• Work instruction
Restate the data below word for word. Skip any images it contains.

↓↓↓

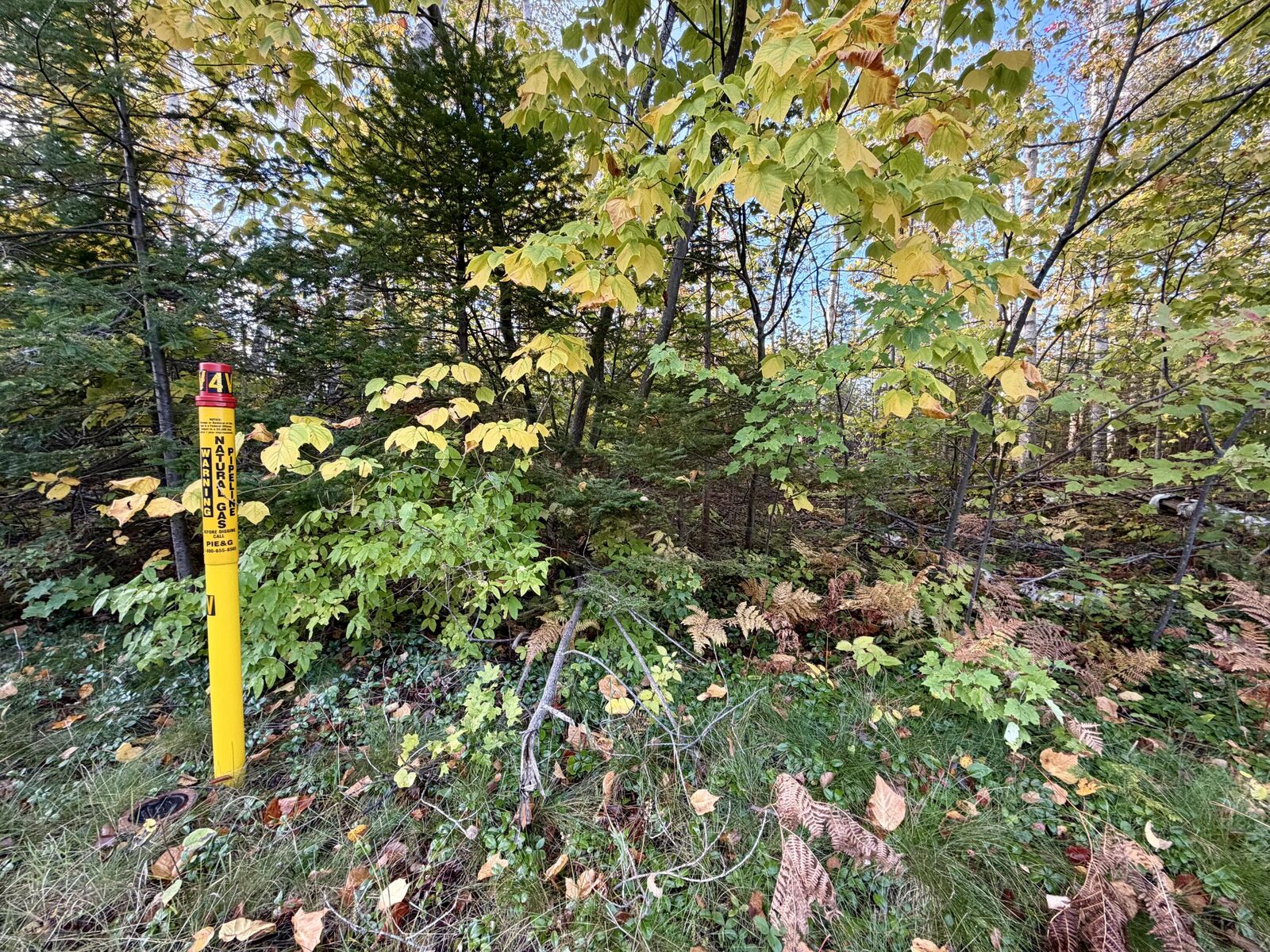 Property Photo:  12074 US-23 Highway  MI 49721 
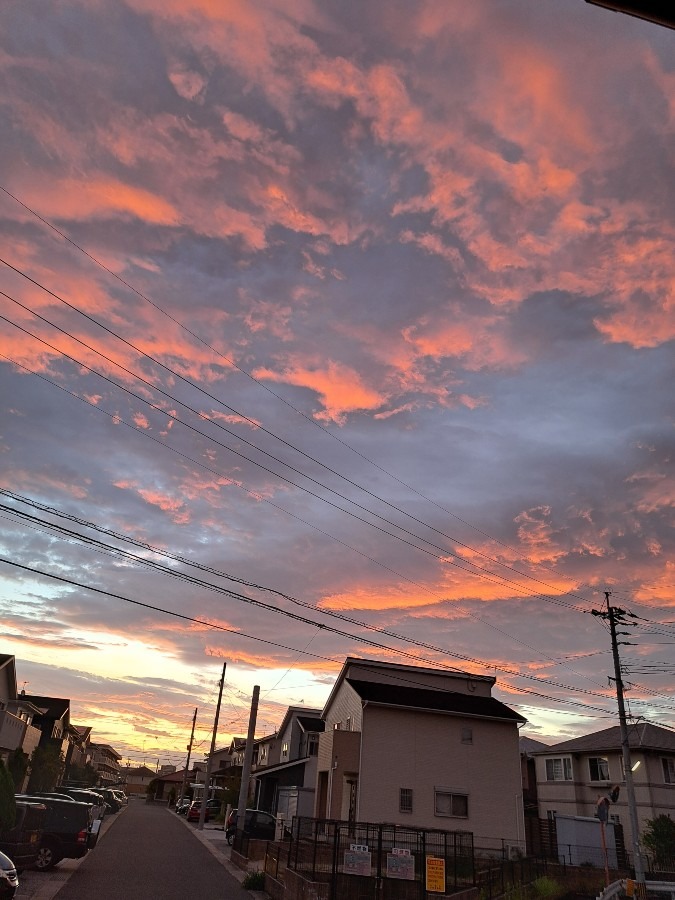 今朝の空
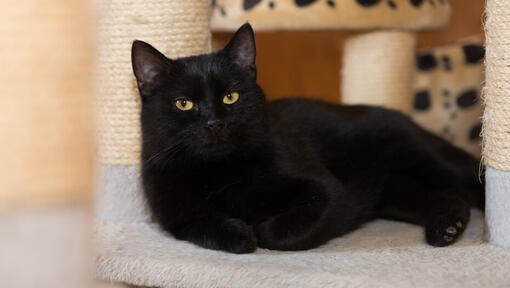Gatto nero con gli occhi verdi leggeri che si trovano accanto al post grattante.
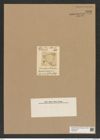Triceratium dulce Grev. (de-Toni-Nr.: Genus 140, Species 3902) Zeichnungen Sammlung Grunow Nr. 7388 (NHMW-BOT-W0376457)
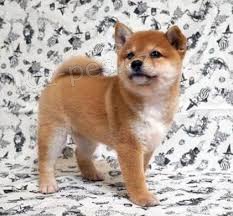 Shiba Inu �t��ata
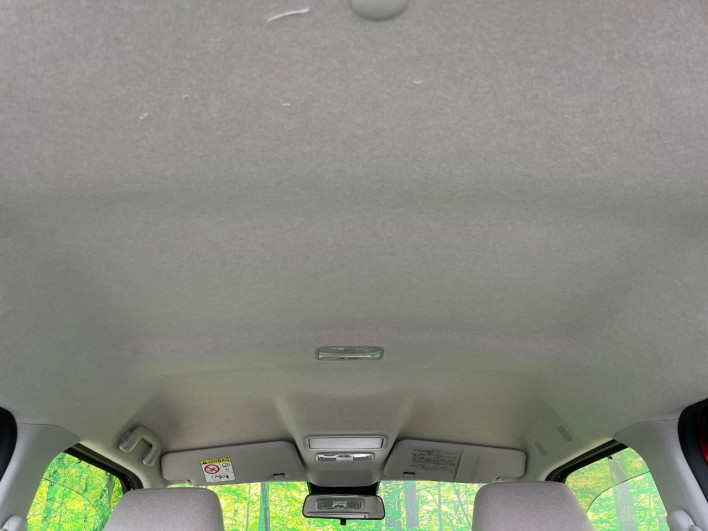 2018 Daihatsu Cast DBA-LA250S (UW-6a36047b768cd)[14]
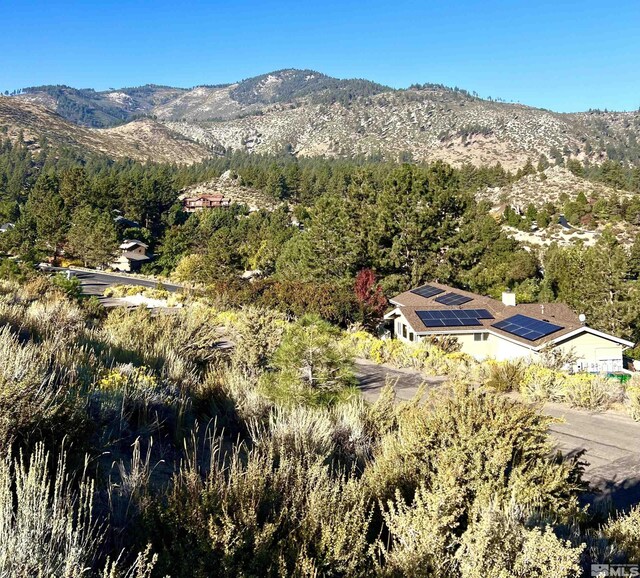 3733 Buckskin, Carson City, NV 89703 - photo 4
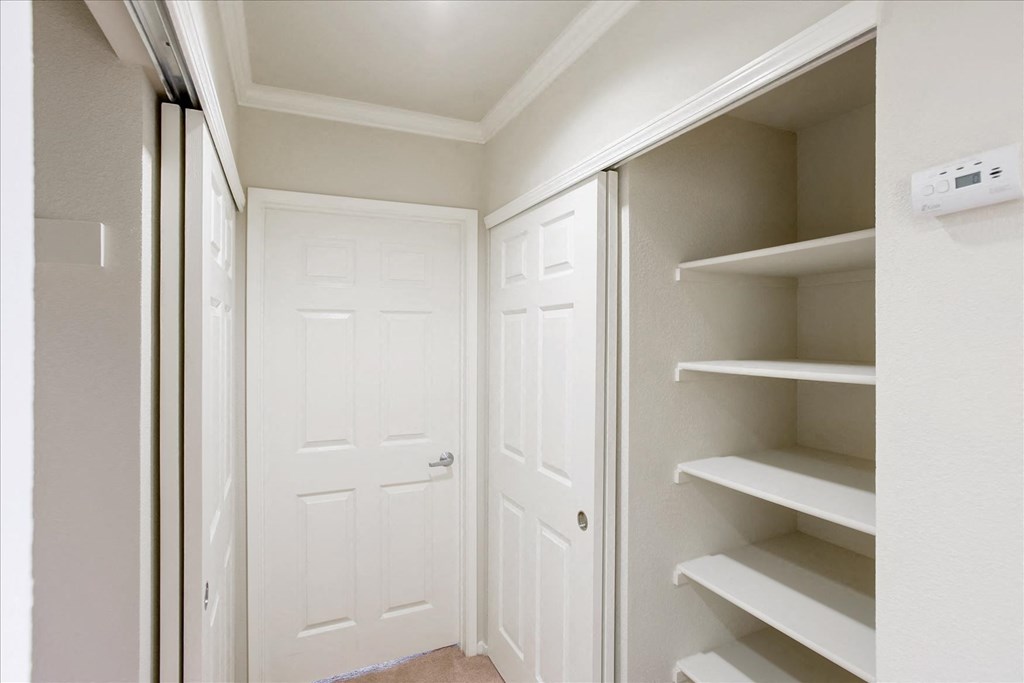A white pantry with a door and shelves.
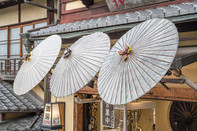 日本留学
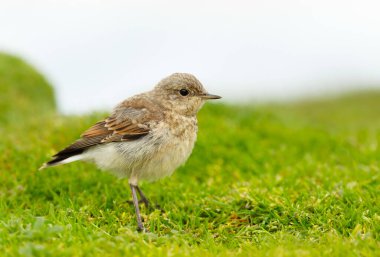 Juvenile Northern wheatear (Oenanthe oenanthe) standing on grass in a meadow, UK.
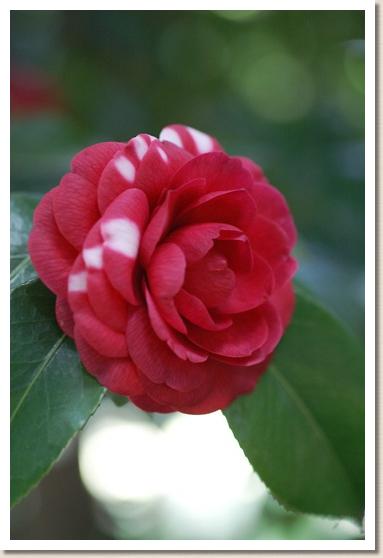 ツバキ　キクトウジ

↑↑↑

• Answer section
 Property Photo:  12074 US-23 Highway  MI 49721 
 今朝の空
Gatto nero con gli occhi verdi leggeri che si trovano accanto al post grattante.
Triceratium dulce Grev. (de-Toni-Nr.: Genus 140, Species 3902) Zeichnungen Sammlung Grunow Nr. 7388 (NHMW-BOT-W0376457)
 Shiba Inu �t��ata
 2018 Daihatsu Cast DBA-LA250S (UW-6a36047b768cd)[14]
 3733 Buckskin, Carson City, NV 89703 - photo 4
A white pantry with a door and shelves.
 日本留学
 Juvenile Northern wheatear (Oenanthe oenanthe) standing on grass in a meadow, UK.
 ツバキ　キクトウジ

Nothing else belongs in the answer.